Bild: Menschen in Khartum in Sudan auf der Flucht
Groß waren die Erwartungen, als am 15. April – genau ein Jahr nach Beginn
des verheerenden Krieges in Sudan – Dutzende von Staaten, internationale
Organisationen und Hilfswerken [1][in Paris zusammenkamen], um unter der
Schirmherrschaft von Frankreichs Präsident Emmanuel Macron diesen
„vergessenen Konflikt“ wieder auf die internationale Tagesordnung zu
setzen. Ebenso groß waren nämlich die Sorgen, dass die verheerenden Kämpfe
zwischen der Armee und der aufständischen Miliz RSF (Rapid Support Forces)

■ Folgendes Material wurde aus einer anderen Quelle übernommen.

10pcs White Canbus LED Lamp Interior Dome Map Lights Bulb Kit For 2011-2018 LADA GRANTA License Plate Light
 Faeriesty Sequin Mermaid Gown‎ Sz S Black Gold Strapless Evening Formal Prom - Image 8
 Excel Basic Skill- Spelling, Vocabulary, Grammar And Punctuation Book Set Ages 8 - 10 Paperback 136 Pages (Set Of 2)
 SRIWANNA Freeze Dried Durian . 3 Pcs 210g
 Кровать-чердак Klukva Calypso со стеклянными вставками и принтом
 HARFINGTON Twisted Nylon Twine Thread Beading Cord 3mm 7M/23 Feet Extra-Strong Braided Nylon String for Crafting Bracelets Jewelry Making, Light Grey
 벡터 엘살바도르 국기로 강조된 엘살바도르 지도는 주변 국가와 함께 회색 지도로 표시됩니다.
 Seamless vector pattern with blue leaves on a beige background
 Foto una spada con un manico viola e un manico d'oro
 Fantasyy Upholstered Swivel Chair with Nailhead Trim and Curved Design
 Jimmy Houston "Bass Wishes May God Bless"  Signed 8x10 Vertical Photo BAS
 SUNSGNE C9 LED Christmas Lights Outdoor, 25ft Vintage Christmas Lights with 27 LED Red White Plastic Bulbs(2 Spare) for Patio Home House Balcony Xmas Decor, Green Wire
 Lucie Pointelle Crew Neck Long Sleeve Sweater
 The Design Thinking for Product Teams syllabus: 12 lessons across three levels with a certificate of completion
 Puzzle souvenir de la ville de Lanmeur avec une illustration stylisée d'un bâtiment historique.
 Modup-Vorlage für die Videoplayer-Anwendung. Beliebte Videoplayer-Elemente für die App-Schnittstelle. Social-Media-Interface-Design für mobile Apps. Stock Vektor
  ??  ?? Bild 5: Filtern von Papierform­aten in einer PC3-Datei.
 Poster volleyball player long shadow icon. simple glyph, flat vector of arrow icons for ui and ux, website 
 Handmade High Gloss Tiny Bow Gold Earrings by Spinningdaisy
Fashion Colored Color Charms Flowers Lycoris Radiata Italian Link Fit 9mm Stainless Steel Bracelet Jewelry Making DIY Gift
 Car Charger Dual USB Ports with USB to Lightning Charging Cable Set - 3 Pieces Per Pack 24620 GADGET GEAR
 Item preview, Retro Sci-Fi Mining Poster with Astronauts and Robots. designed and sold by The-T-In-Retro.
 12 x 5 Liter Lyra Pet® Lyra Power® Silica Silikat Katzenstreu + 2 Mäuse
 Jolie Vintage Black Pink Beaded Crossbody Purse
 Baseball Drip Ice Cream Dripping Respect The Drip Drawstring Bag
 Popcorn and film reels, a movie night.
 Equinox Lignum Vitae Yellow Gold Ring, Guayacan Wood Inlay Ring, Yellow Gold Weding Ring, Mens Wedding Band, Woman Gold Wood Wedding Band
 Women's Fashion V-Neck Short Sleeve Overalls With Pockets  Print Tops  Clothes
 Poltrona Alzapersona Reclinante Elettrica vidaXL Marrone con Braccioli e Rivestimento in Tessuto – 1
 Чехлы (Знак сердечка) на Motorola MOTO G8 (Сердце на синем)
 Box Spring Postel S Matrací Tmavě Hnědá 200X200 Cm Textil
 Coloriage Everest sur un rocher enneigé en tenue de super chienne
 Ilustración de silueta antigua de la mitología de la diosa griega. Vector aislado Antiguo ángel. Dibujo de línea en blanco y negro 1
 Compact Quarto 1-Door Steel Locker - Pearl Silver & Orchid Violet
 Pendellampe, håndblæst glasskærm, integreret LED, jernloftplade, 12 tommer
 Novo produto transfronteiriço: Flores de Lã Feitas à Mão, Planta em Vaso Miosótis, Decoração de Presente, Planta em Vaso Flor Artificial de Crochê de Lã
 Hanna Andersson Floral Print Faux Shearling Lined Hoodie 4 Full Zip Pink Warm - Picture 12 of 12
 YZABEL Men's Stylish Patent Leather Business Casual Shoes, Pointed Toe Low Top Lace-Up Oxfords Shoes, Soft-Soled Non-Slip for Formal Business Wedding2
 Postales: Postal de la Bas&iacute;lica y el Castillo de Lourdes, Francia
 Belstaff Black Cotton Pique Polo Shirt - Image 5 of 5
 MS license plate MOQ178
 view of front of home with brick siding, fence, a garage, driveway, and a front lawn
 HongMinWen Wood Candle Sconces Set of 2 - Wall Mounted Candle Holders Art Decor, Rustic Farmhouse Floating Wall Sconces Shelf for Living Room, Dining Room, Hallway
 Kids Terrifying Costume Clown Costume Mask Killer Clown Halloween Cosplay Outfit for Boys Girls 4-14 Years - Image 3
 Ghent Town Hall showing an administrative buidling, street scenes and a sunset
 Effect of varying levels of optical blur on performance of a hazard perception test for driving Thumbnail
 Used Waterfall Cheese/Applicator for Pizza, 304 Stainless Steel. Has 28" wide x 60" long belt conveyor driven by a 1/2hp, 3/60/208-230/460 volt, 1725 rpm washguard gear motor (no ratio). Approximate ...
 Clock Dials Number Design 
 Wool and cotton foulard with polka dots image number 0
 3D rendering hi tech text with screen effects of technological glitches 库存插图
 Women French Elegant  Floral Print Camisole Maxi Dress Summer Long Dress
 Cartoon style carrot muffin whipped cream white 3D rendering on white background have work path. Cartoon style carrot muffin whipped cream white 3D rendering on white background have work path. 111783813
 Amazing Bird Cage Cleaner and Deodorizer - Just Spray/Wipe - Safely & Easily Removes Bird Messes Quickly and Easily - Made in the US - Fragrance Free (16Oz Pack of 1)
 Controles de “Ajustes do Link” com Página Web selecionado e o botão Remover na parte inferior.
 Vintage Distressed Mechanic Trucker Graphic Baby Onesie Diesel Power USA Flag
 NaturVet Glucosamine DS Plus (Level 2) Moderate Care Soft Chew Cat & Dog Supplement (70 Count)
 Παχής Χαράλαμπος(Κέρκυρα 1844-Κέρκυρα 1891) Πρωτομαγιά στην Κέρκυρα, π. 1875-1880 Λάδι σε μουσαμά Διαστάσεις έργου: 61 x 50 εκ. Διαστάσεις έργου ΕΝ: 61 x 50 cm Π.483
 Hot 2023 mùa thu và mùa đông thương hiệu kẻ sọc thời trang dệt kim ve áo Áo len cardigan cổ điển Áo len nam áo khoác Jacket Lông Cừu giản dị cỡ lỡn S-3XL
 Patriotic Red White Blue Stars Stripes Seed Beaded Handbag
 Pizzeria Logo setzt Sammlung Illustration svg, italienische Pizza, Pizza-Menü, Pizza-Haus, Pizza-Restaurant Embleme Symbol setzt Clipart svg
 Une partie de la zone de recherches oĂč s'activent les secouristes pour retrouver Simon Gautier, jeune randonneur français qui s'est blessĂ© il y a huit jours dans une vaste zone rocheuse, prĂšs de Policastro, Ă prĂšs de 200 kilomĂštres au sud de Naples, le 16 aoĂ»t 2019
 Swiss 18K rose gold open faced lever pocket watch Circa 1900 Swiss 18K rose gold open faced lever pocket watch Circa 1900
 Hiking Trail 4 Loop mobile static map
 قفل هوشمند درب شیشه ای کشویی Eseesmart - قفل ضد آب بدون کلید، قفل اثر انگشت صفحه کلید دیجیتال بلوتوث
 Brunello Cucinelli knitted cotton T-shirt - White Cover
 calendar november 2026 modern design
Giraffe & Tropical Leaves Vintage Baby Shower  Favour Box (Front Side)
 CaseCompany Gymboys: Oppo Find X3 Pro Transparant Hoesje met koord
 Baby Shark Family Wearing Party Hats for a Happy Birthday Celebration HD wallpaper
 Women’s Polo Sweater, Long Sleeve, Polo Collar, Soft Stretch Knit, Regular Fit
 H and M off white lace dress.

auf dem Rücken der Zivilbevölkerung nach einem Jahr Krieg und
Wirtschaftskollaps eine gigantische humanitäre Katastrophe hervorrufen, die
alles bisher Dagewesene in den Schatten stellt. „Schlimmstenfalls werden in
diesem Jahr eine Million Menschen verhungern“, [2][mahnte die deutsche
Außenministerin Annalena Baerbock] und forderte: „Wir alle müssen unserer
gemeinsamen Verantwortung gerecht werden.“
Die UN hatten kurz vor der Konferenz Alarm geschlagen: Ihr
[3][Sudan-Hilfsappell für 2024] mit einem Umfang von 2,695 Milliarden
US-Dollar (2,53 Milliarden Euro) sei nur zu rund 6 Prozent finanziert –
etwa 166 Millionen Dollar seien vorhanden, lächerlich wenig. Internationale
Geber sagten dann in Paris 2,2 Milliarden Dollar (2,03 Milliarden Euro) für
den Sudan-Hilfsappell sowie für die Versorgung von Sudan-Flüchtlingen in
Nachbarländern zu. Die größte Einzelzusage kam aus Deutschland: 244
Millionen Euro.
Einen Monat später ist nicht nur kein Frieden in Sudan in Sicht, es ist
auch immer noch kein Geld da. Der Hilfsappell sei inzwischen bloß zu 12
Prozent finanziert, [4][mahnte am 15. Mai die humanitäre UN-Koordinatorin
für Sudan, Clementine Nkweta-Salam]. „Die Krise gerät außer Kontrolle“,
sagte sie. „Das Zeitfenster zum Handeln schließt sich schnell. Wir haben
gerade noch sechs Wochen vor der mageren Jahreszeit, wenn Nahrungsmittel
zur Neige gehen und teurer werden. Dies fällt zusammen mit zwei weiteren
Fristen: der Beginn der Regenzeit, wenn Notleidende immer schwerer zu
erreichen sind, und das Ende der Aussaat, die misslingen wird, wenn wir den
Bauern kein Saatgut zur Verfügung stellen können.“
Am Pfingstmontag, das ergibt ein Blick auf [5][die Daten der humanitären
UN-Koordinierungsstelle OCHA], lag die Deckung des Hilfsappells bei gut 13
Prozent – etwas über 362 Millionen US-Dollar. Größter Geber sind die USA,
gefolgt von der EU-Kommission und Großbritannien, mit zusammen über 60
Prozent der Gesamtsumme. Deutschland steht mit fast 13 Millionen US-Dollar
hinter Schweden an fünfter Stelle.
## Weniger als ein Hunderstel
13 Millionen im Vergleich zur Zusage von 244 Millionen sind schon
irritierend genug. Aber wenn man nur tatsächlich getätigte Zahlungen
berücksichtigt, rutscht Deutschland noch viel weiter nach hinten. Während
Großbritannien seine bislang von der OCHA in die Statistik eingestellten 41
Millionen US-Dollar allesamt bereits zur Verfügung gestellt hat, sind aus
Deutschland laut OCHA von den knapp 13 Millionen nur rund 1,7 Millionen
Dollar (etwas über 1,56 Millionen Euro) auch tatsächlich geflossen –
weniger als ein Hunderstel dessen, was Baerbock im April verkündete.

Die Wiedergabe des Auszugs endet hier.